> **Dataset content**:
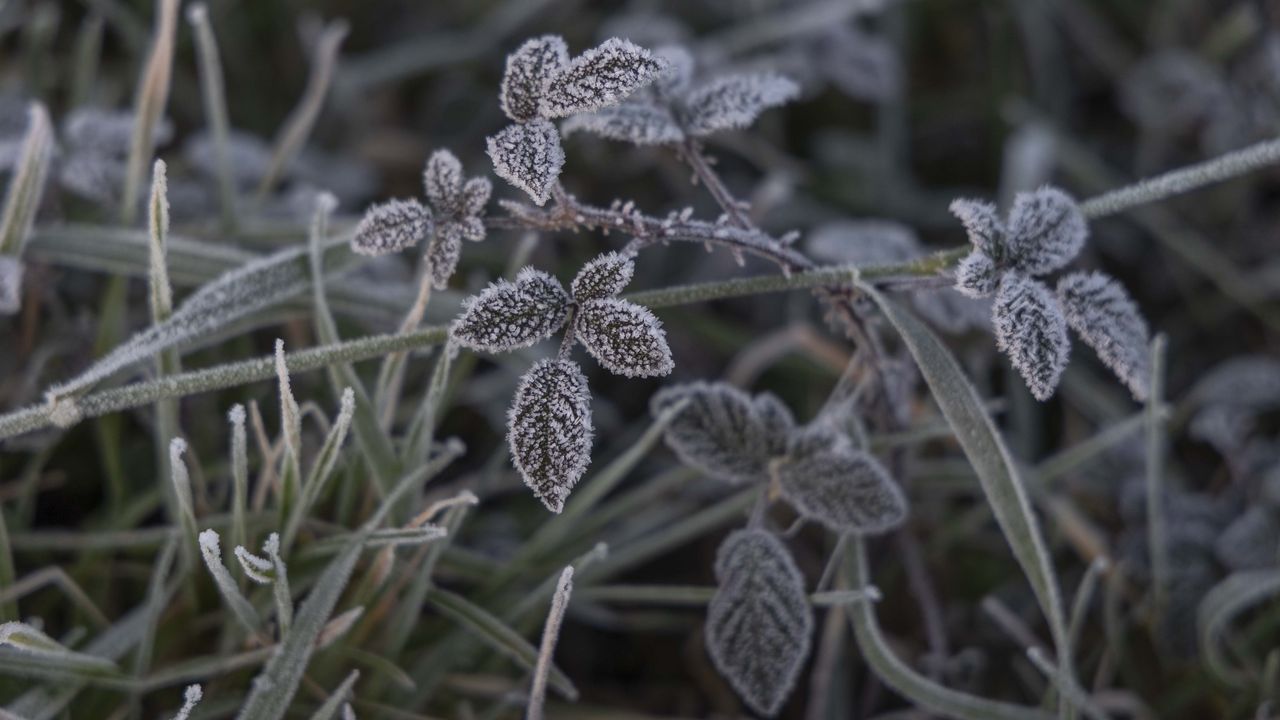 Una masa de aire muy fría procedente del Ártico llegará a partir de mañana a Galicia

...

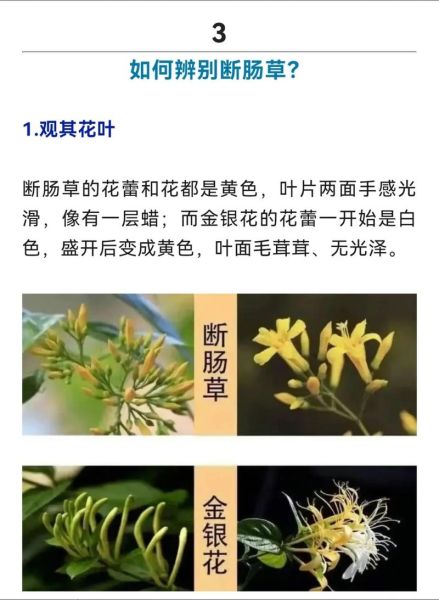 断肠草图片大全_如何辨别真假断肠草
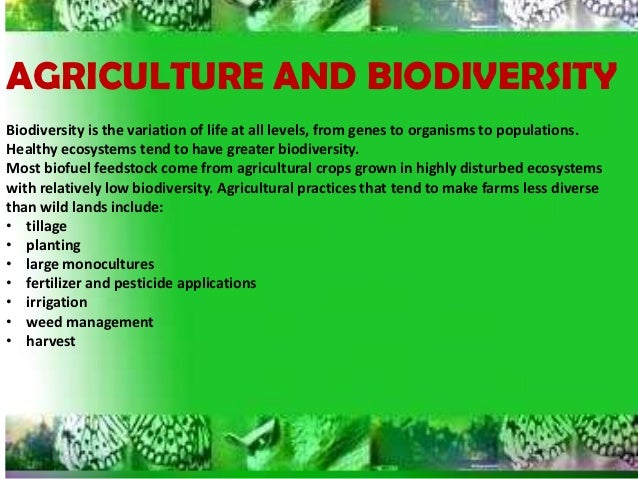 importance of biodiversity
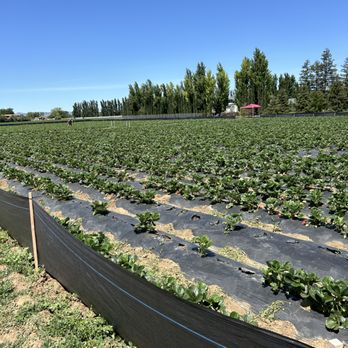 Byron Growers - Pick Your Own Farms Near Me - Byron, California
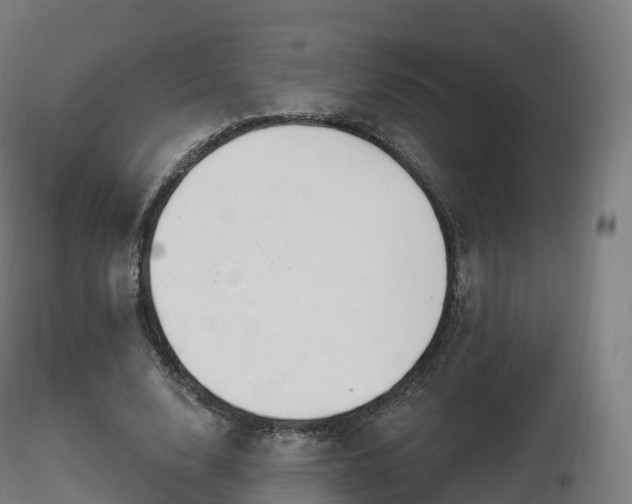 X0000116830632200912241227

> **Task goal**: Leave the pictures out, and transcribe exactly the lines above starting at the one that contains "Byron Growers - Pick" and ending at the one that contains "X0000116830632200912241227".

> **Answer box**:
 Byron Growers - Pick Your Own Farms Near Me - Byron, California
 X0000116830632200912241227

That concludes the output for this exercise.